Tragédia e Perspectiva tem texto do brasileiro Alexandre Dal Farra e direção do argentino Lisandro Rodríguez. Foto: Guto Muniz

Tragédia e Perspectiva. Foto: Guto Muniz

O título ferveu minha cabeça

                                                                 Tragédia
                                                                                      Perspectiva
                                                                                                               Prazer

–Não estar de acordo. Contestar. Ir de encontro.

– Acordo. convénio entre duas ou mais partes ou uma resolução premeditada de uma ou mais pessoas.

– Negocie suas dívidas.

– Dívida? O que o Brasil deve? A quem? Eu devo pagar?

– Não é esse acordo.

– Que acordo?

– Concordar?

– Harmonia; conciliar.

– Sempre soube que seu desejo era de aniquilar.

– É tudo dissenso!

– Eu sabia, de um jeito ou de outro, a vontade é de destruir.

– Enlouqueceu? Estou te ouvindo. Vendo as grandes palavras sair por bocarra…

– Tá vendo? Estão vendo? Ele não me acolhe. Não diz nenhuma palavra Con-creta!

– Mas você disse que estava com expectativa.

– Eu?

– Falou que o título ferveu sua cabeça?

– É… mas depois congelou. Não consigo pens…

– Isso era expectativa.

– Abaixo a expectativa.

– Vamos dar nomes aos bois!

– Nomes aos bois?… isso é de um filme antigo.

– Antigo? O que é antigo? 30 anos é antigo? 35 anos é antigo?

– Você é antigo…

– Eu não tenho nem 40.

– Quantos anos você tem?

– O que eu já vivi, eu os perdi, não os tenho mais.

– Somos amigos?

– Somos amigos.

– E aquele abraço?

– Não quero.

– Por que não?!

– Não estou com vontade.

(É tanta solidão que… o rejeitado dobra-se sobre si. Bateu na quina aquela dor. O fantasma da psicanálise apareceu, de repente, uma convulsão)

– Gritou-se o escândalo.

– Criou-se o trágico.

– Um rio de lágrimas.

– Convulsão.

– Mas se as palavras não dão conta, para o acerto.

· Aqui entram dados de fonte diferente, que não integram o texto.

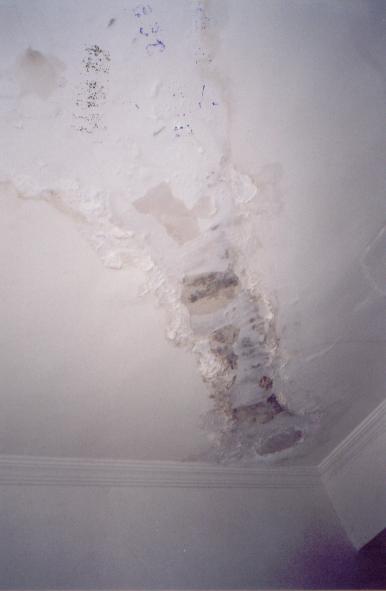 foto20.jpg (16683 bytes)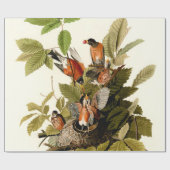 Audubon Amerikaanse Robin Wildlife Bird Illustrati Cadeaupapier (Vlak)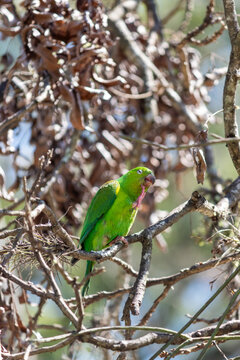 Plain Parakeet Resting on Tree Branch.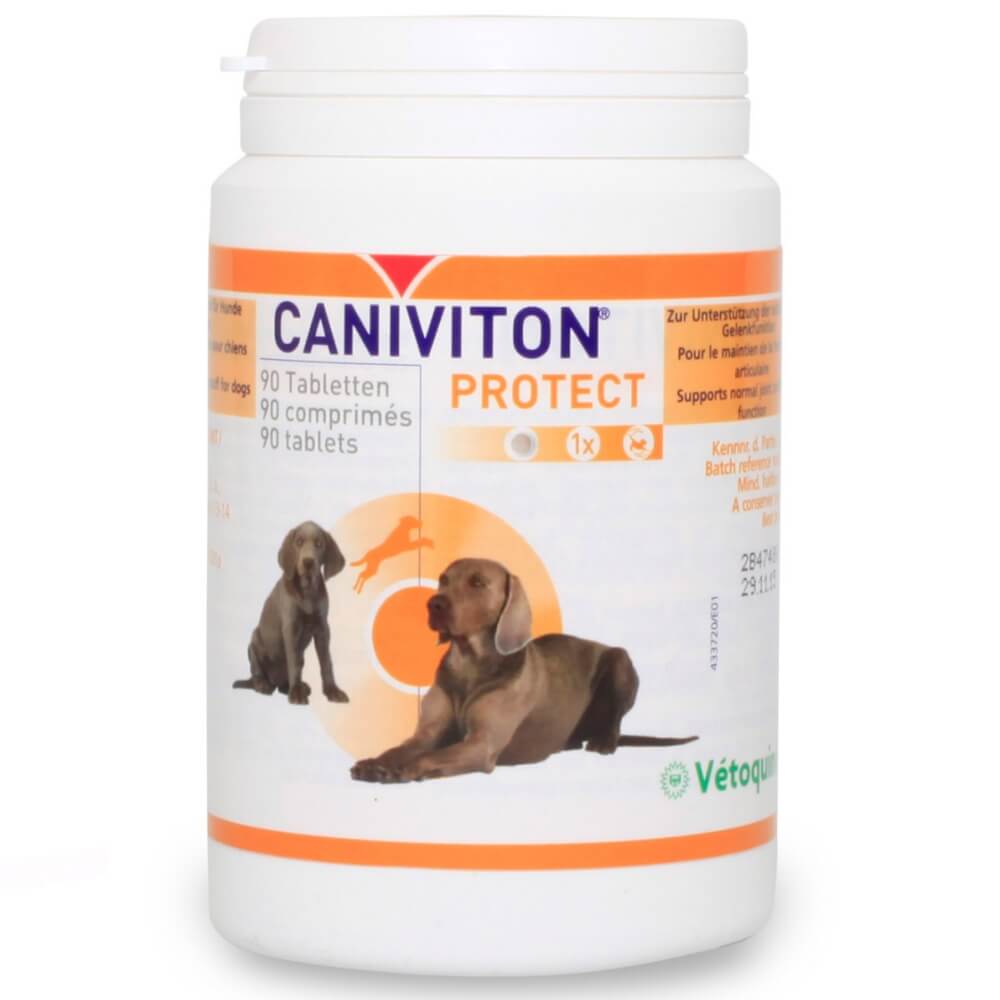 Caniviton Protect 90Tab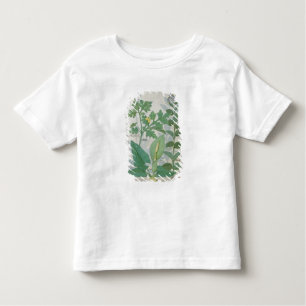 Greater Celandine or Poppy Toddler T-Shirt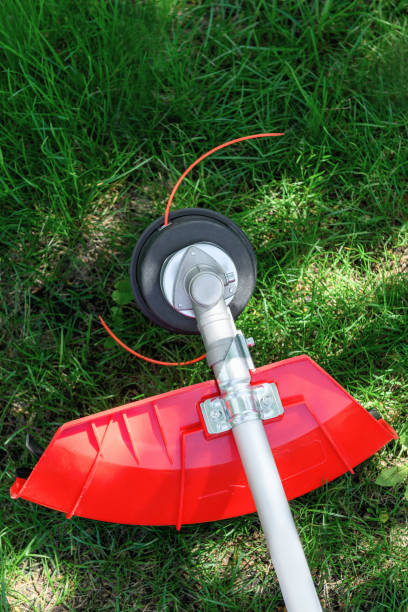 reel of gas trimmer with fishing line, lawn mower on grass background. trimmer head - switch yard imagens e fotografias de stock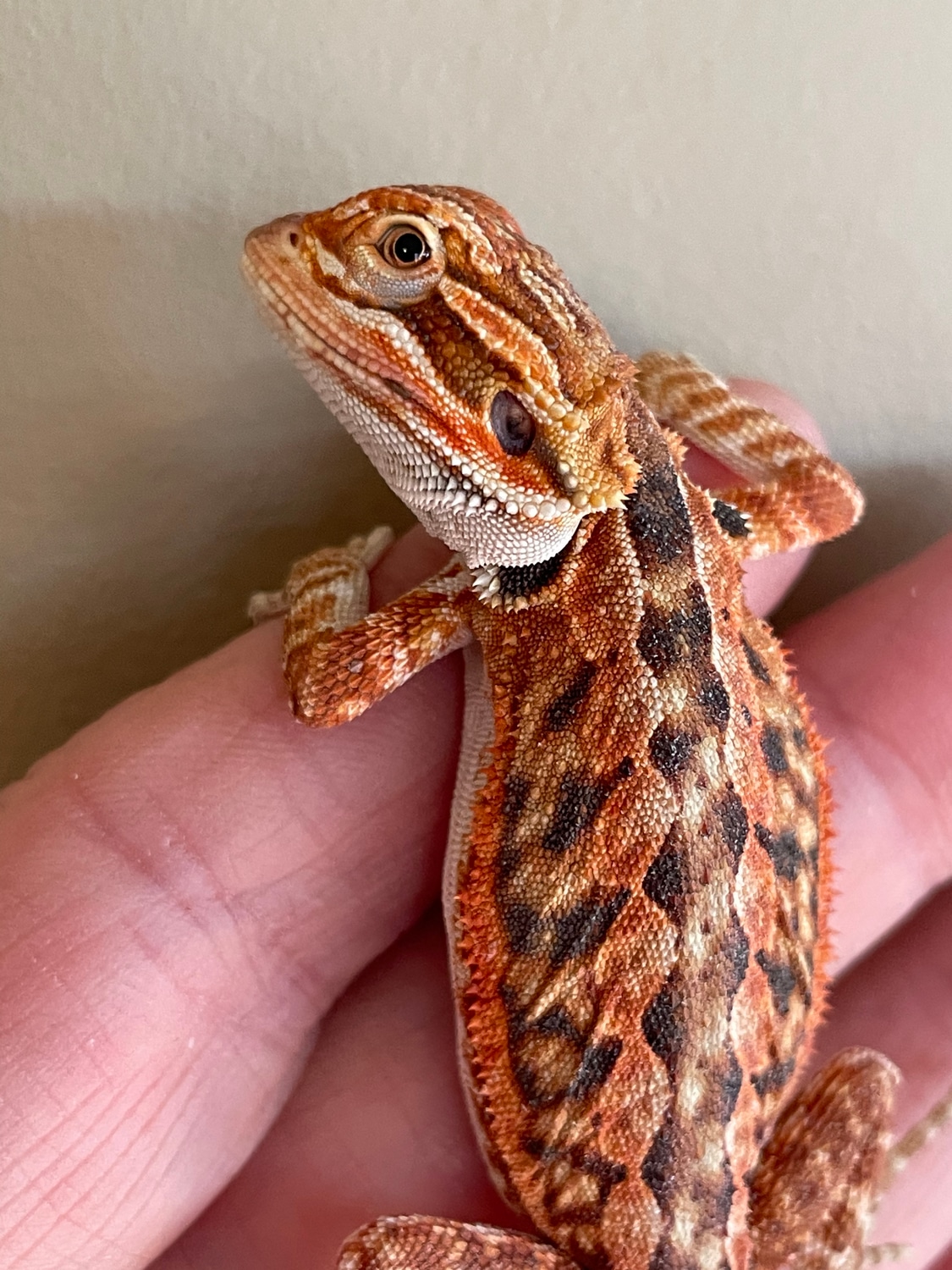 Double Het Central Bearded Dragon by Kawartha lakes dragons & imports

– Depois da solidão extremada, vamos resolver no corpo.

– No corpo-a-corpo.

– Testosterona explodindo.

– Ode à capacidade de sustentar a divergência, vivenciar o desacordo sem a necessidade de aniquilar o outro. Isso se sustenta?

– De tudo um pouco.

– Muito pouco.

– Fica um pouco.

– Do seu asco.

– Isso não tem lógica!!!

– Tem Lacan!

– Impotência do Eu.

– Eu grande Eu pequeno.

– Terreno movediço.

– Gozo… mistura de prazer e insatisfação.

A dramaturgia do espetáculo Tragédia e Perspectiva I – O Prazer de Não Estar de Acordo  me inspirou a escrever esses diálogos cruzados, pensamentos suspensos de um possível encontro. Esse texto meu vai na cola do que percebi do texto do Dal Farra e da encenação do argentino Lisandro Rodríguez.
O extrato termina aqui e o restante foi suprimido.